- Dataset and Project Outline
- Setup
- Presentation
- Project Report
- IMDB scraping
- PostgreSQL connection
- NLP Pipeline
- Logistic Regression
- Random Forest Model
- Naive Bayes Model
- SVM Model
- Cross Validation
- Best Model
- Collaborators
For our project we’ve used sentiment analysis to classify reviews scraped of the IMDB website as either positive or negative using sentiment classification.
For our project we have explored the IMDB Review Dataset
Available from Kaggle.com.
The dataset provides 50k reviews, where 25,000 are postive reviews and 25,000 are negative.
- Our project uses NLP sentiment analysis to classify whether unlabelled reviews are positive or negative.

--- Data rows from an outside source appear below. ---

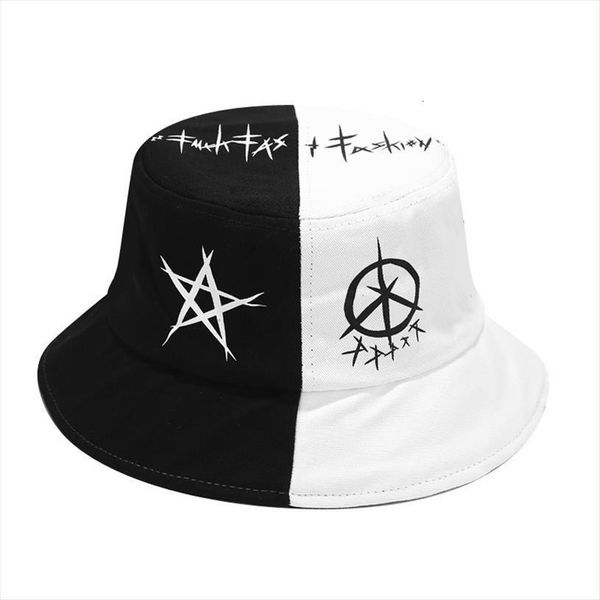 

spring cotton reversible fisherman hat for men women fashion summer panama street hip hop cap sun bucket hats, Blue;gray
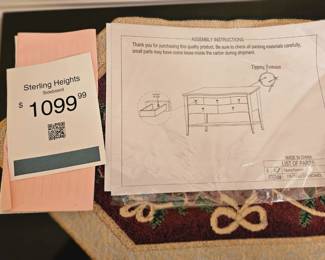 New dining buffet
$400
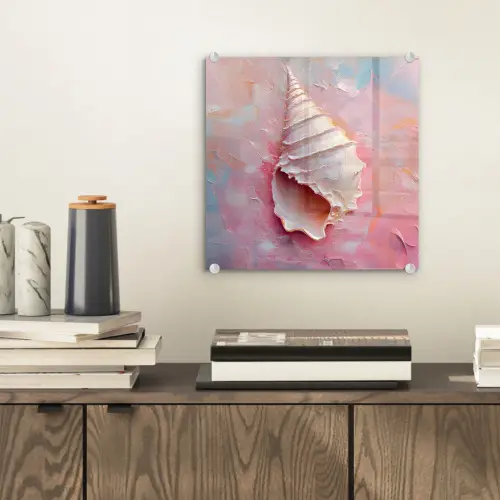 Schelp - Pastel - Pink plexiglas 5mm klein -sfeer1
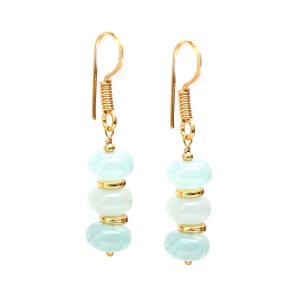 Gempires Mother’s Day Gift Natural Aqua Chalcedony in 14k Yellow Gold Plated Drop Dangle Earring For Women – Healing Gemstone Jewelry for Women Gempires Mother’s Day Gift Natural Aqua Chalcedony in 14k Yellow Gold Plated Drop Dangle Earring For Women – Healing Gemstone Jewelry for Women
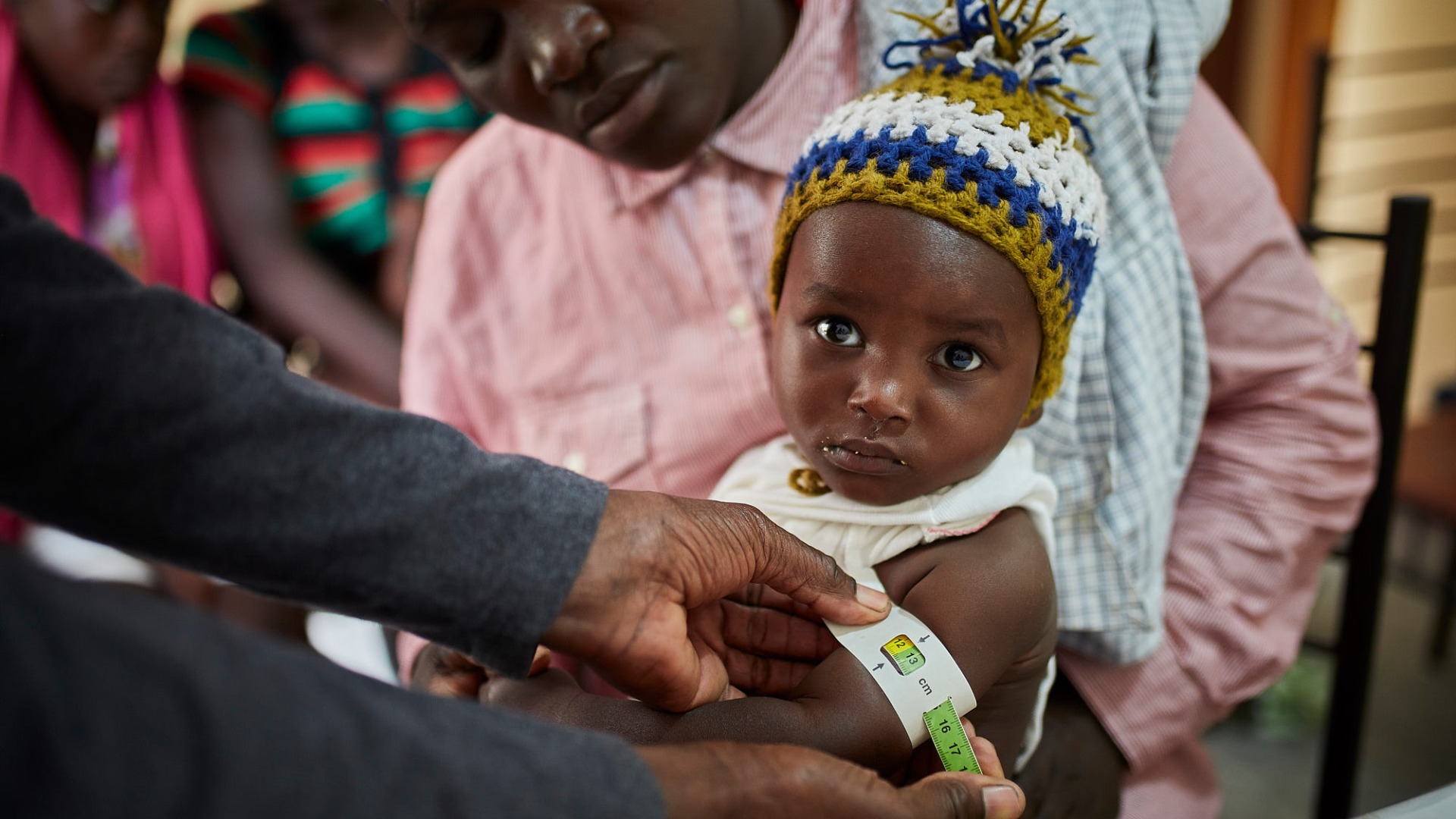 Measuring a child’s mid-upper arm circumference with a color-coded, graduated band is a cheap and simple way to detect undernutrition.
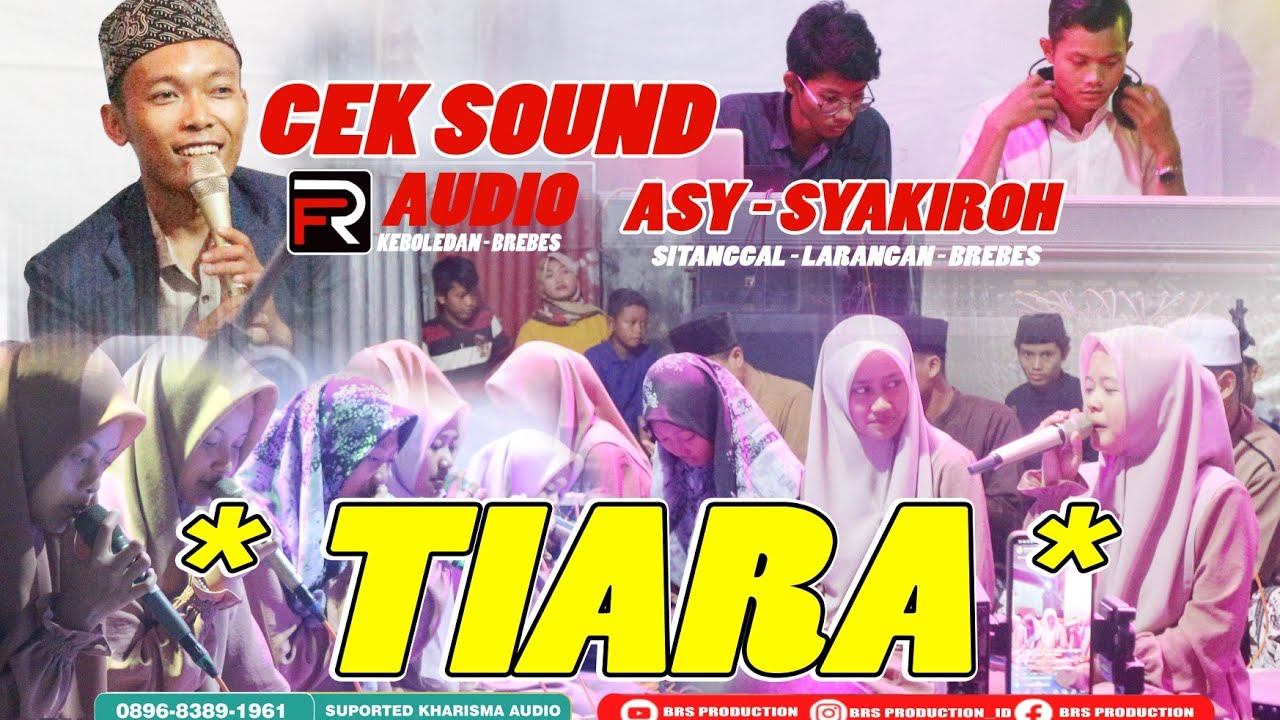 Tiara Versi Sholawat FR AUDIO FEAT ASY SYAKIROH YouTube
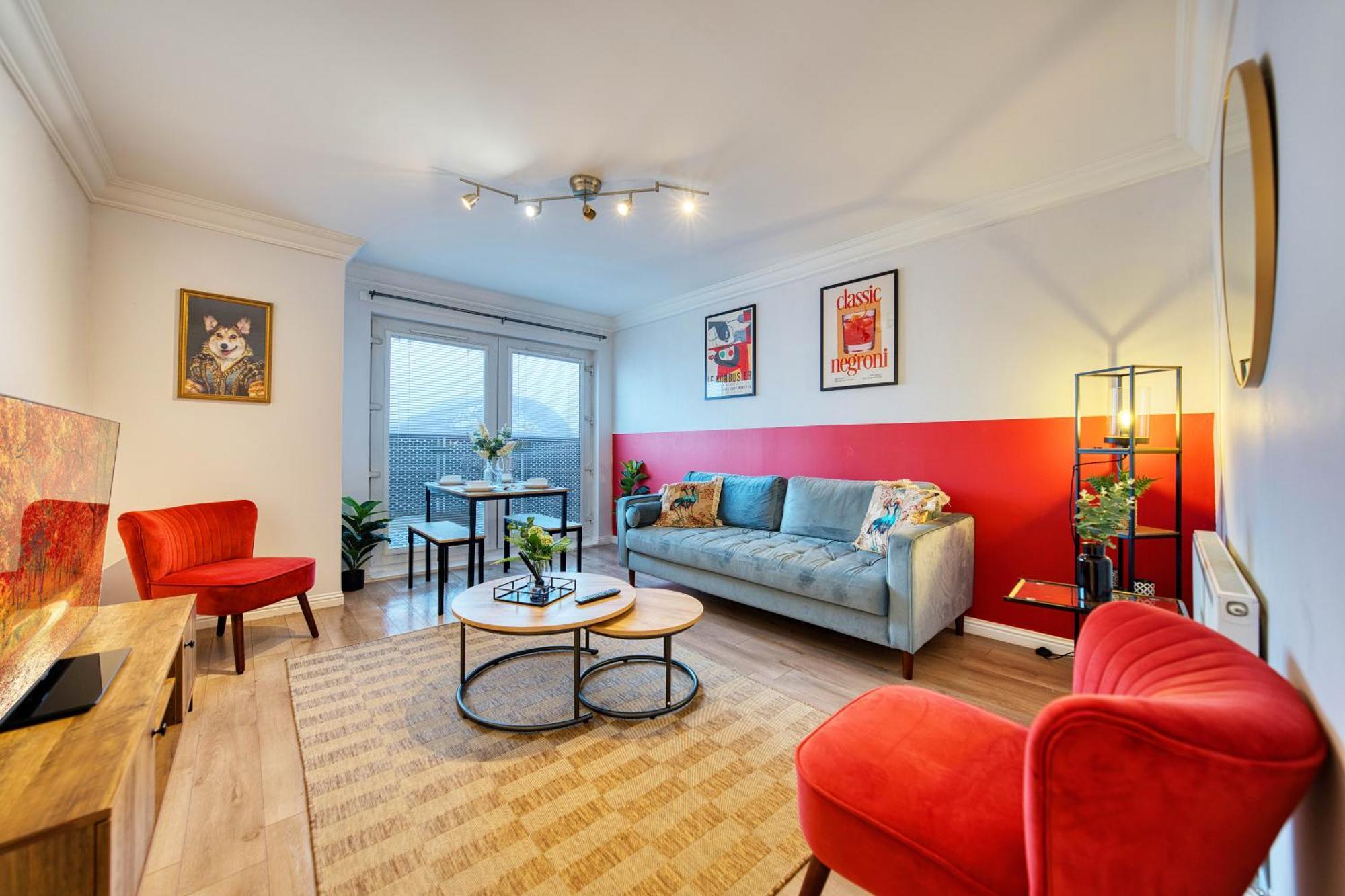 Ferienwohnung Modern 2 Bed Flat With Free Parking Glasgow Exterior foto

- First we will apply some pre-processing and carry out some initial data exploration, and determine the ratios of positive and negative reviews using jupyter notebook.
- We will import scraped imdb reviews data to an SQL database
- We will use Pyspark to create a natural language processing model, apply tokenizer and remove stop words.
- We will train the model on the kaggle dataset, then apply the unlabelled data we have scraped, to test whether the model is accurate.
We have used 2 CSV files in this data set:
- IMDB Dataset.csv
- new_upcoming_dvd_reviews.csv
CSV files are placed in the Resources folder.
- For the project we used google collab in order to run PySpark, which hasn't been installed in our local machines
- A downloaded copy of our collab notebook can be found in the repository main directory called Review_classification.ipynb
- To import we used this code, we ran this at the start of our collab file:
import os
spark_version = "spark-3.2.0"
os.environ['SPARK_VERSION']=spark_version
!apt-get update
!apt-get install openjdk-8-jdk-headless -qq > /dev/null
!wget -q http://www.apache.org/dist/spark/$SPARK_VERSION/$SPARK_VERSION-bin-hadoop2.7.tgz
!tar xf $SPARK_VERSION-bin-hadoop2.7.tgz
!pip install -q findspark
os.environ["JAVA_HOME"] = "/usr/lib/jvm/java-8-openjdk-amd64"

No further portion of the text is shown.